### Requirement
Output only the lines of the entries that follow, starting at the one with "Pink Stripe Cap Sleeve Shift T Shirt Dress" and running down to the one with "Дигитален мултицет за", both included and unchanged.

(Items listed in a dataset)
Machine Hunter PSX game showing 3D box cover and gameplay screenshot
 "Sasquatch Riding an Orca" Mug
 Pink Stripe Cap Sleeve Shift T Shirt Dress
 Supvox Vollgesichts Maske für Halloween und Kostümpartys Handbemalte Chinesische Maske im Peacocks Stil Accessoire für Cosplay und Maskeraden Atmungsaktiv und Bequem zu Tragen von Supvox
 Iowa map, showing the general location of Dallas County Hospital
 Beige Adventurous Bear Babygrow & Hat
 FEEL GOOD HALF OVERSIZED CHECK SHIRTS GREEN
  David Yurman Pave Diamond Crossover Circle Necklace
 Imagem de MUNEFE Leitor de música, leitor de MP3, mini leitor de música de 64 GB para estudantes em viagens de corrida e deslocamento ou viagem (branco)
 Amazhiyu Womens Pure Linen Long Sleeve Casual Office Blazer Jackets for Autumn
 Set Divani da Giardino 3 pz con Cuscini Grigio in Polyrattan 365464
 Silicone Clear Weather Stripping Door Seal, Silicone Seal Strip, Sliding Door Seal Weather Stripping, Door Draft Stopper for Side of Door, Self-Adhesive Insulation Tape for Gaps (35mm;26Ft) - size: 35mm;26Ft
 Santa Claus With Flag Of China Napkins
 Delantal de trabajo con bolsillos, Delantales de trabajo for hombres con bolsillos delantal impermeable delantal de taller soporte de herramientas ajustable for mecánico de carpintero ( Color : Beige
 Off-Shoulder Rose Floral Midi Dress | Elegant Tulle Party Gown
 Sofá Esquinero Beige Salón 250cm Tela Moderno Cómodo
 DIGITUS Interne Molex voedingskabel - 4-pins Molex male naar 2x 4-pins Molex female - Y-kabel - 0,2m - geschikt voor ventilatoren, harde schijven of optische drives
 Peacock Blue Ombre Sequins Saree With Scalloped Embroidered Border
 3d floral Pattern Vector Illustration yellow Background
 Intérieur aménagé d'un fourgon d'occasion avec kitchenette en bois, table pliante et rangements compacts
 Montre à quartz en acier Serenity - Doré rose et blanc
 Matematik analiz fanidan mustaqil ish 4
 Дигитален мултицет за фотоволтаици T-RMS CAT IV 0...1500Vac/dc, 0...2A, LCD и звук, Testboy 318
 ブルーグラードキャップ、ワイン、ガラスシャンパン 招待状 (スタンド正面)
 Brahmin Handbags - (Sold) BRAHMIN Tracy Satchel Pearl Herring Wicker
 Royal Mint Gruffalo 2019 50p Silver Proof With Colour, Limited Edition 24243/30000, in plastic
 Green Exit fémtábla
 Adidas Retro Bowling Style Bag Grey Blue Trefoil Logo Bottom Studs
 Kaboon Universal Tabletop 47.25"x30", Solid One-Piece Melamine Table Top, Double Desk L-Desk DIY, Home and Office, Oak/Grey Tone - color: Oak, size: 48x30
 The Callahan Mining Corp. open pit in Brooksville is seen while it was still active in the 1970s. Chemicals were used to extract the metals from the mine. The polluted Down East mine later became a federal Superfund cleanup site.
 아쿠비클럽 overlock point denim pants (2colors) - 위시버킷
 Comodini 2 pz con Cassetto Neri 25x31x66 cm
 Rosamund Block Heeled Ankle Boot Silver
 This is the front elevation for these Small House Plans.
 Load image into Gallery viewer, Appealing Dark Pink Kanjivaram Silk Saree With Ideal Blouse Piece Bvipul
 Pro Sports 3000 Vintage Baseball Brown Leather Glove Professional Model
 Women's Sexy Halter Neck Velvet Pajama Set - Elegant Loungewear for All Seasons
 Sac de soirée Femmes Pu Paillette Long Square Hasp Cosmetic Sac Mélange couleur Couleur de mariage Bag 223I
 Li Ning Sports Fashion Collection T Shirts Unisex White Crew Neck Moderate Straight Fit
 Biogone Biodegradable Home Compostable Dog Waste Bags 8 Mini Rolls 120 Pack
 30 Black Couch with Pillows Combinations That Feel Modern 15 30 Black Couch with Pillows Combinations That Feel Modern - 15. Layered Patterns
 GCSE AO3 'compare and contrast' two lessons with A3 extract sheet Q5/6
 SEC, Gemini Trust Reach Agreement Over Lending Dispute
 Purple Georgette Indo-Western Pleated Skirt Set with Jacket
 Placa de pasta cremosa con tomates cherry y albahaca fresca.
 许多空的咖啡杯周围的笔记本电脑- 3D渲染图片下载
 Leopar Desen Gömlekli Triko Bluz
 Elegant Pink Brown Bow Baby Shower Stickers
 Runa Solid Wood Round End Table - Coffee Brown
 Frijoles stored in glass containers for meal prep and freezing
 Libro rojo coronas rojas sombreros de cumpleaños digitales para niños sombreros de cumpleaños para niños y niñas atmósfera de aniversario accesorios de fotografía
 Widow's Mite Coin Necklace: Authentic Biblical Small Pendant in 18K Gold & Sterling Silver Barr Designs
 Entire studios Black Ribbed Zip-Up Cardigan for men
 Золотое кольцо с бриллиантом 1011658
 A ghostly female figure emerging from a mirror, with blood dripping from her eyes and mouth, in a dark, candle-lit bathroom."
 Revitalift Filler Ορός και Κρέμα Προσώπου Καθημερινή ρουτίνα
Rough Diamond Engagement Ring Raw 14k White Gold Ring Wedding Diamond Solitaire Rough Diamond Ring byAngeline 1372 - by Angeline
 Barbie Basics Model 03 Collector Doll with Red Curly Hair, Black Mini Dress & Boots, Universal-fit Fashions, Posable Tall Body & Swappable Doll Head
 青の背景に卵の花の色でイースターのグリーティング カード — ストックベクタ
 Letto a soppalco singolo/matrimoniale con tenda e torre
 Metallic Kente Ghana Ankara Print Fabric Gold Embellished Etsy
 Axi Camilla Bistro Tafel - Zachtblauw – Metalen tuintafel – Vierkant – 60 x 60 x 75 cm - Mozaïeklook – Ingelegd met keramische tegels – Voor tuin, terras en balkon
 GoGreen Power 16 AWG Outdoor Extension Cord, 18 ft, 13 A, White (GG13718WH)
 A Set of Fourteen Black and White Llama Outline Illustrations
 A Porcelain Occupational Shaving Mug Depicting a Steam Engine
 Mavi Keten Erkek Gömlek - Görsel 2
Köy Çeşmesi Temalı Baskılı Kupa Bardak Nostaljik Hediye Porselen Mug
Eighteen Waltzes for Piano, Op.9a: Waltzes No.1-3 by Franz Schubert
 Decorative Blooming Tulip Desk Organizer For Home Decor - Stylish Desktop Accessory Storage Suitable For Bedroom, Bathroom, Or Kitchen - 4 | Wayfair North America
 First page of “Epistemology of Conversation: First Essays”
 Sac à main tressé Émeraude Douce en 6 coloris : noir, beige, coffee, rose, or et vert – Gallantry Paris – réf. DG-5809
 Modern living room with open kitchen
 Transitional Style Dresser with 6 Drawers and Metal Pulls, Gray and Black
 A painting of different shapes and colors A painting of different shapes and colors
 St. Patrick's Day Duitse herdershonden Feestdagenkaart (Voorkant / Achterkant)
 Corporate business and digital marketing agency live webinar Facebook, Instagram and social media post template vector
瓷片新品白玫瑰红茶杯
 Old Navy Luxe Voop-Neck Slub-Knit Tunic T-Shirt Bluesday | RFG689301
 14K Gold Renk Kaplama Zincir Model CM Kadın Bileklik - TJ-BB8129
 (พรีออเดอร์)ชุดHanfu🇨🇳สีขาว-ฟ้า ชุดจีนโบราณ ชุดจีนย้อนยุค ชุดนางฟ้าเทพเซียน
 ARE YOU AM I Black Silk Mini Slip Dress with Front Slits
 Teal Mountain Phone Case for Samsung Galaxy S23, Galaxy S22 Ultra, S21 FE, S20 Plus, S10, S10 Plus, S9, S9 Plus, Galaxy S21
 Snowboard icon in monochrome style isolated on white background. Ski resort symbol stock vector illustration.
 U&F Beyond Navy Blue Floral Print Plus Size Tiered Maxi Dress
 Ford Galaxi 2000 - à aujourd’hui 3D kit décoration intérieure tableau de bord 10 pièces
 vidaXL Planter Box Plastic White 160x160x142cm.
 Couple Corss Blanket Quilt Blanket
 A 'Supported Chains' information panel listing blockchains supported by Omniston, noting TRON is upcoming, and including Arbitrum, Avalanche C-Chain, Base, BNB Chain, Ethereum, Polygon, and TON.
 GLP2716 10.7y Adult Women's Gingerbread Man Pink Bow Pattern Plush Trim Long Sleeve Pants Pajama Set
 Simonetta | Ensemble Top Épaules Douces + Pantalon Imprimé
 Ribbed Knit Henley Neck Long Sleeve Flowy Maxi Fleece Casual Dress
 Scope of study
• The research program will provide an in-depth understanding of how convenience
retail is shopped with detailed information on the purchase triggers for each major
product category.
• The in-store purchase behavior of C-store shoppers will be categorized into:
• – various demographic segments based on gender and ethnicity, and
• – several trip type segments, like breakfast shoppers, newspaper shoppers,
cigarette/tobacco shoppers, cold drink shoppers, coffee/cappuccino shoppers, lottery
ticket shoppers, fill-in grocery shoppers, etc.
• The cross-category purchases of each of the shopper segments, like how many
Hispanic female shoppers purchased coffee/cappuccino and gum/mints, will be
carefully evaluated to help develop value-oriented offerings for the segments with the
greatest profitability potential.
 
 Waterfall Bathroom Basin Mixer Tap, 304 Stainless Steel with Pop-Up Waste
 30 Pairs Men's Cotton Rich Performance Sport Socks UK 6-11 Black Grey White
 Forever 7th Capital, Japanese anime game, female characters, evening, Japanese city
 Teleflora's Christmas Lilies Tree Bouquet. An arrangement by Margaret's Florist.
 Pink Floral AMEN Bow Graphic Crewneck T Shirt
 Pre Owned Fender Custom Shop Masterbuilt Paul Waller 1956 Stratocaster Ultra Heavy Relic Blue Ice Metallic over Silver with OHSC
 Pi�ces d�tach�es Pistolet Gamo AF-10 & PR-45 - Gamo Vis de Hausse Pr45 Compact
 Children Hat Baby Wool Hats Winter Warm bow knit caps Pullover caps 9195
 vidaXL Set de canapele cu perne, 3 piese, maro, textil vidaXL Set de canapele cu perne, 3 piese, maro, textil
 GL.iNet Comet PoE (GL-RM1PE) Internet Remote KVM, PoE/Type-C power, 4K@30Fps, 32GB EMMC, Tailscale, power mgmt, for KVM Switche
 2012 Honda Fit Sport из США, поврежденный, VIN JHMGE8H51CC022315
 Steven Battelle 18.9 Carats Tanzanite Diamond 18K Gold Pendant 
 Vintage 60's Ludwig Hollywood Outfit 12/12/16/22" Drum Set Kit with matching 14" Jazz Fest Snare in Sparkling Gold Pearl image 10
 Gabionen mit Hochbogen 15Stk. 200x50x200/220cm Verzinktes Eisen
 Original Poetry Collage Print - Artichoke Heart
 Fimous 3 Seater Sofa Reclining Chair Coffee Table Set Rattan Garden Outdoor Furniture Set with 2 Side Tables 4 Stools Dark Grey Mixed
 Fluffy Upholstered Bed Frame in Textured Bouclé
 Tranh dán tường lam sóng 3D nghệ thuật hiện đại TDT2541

### Response below
 Pink Stripe Cap Sleeve Shift T Shirt Dress
 Supvox Vollgesichts Maske für Halloween und Kostümpartys Handbemalte Chinesische Maske im Peacocks Stil Accessoire für Cosplay und Maskeraden Atmungsaktiv und Bequem zu Tragen von Supvox
 Iowa map, showing the general location of Dallas County Hospital
 Beige Adventurous Bear Babygrow & Hat
 FEEL GOOD HALF OVERSIZED CHECK SHIRTS GREEN
  David Yurman Pave Diamond Crossover Circle Necklace
 Imagem de MUNEFE Leitor de música, leitor de MP3, mini leitor de música de 64 GB para estudantes em viagens de corrida e deslocamento ou viagem (branco)
 Amazhiyu Womens Pure Linen Long Sleeve Casual Office Blazer Jackets for Autumn
 Set Divani da Giardino 3 pz con Cuscini Grigio in Polyrattan 365464
 Silicone Clear Weather Stripping Door Seal, Silicone Seal Strip, Sliding Door Seal Weather Stripping, Door Draft Stopper for Side of Door, Self-Adhesive Insulation Tape for Gaps (35mm;26Ft) - size: 35mm;26Ft
 Santa Claus With Flag Of China Napkins
 Delantal de trabajo con bolsillos, Delantales de trabajo for hombres con bolsillos delantal impermeable delantal de taller soporte de herramientas ajustable for mecánico de carpintero ( Color : Beige
 Off-Shoulder Rose Floral Midi Dress | Elegant Tulle Party Gown
 Sofá Esquinero Beige Salón 250cm Tela Moderno Cómodo
 DIGITUS Interne Molex voedingskabel - 4-pins Molex male naar 2x 4-pins Molex female - Y-kabel - 0,2m - geschikt voor ventilatoren, harde schijven of optische drives
 Peacock Blue Ombre Sequins Saree With Scalloped Embroidered Border
 3d floral Pattern Vector Illustration yellow Background
 Intérieur aménagé d'un fourgon d'occasion avec kitchenette en bois, table pliante et rangements compacts
 Montre à quartz en acier Serenity - Doré rose et blanc
 Matematik analiz fanidan mustaqil ish 4
 Дигитален мултицет за фотоволтаици T-RMS CAT IV 0...1500Vac/dc, 0...2A, LCD и звук, Testboy 318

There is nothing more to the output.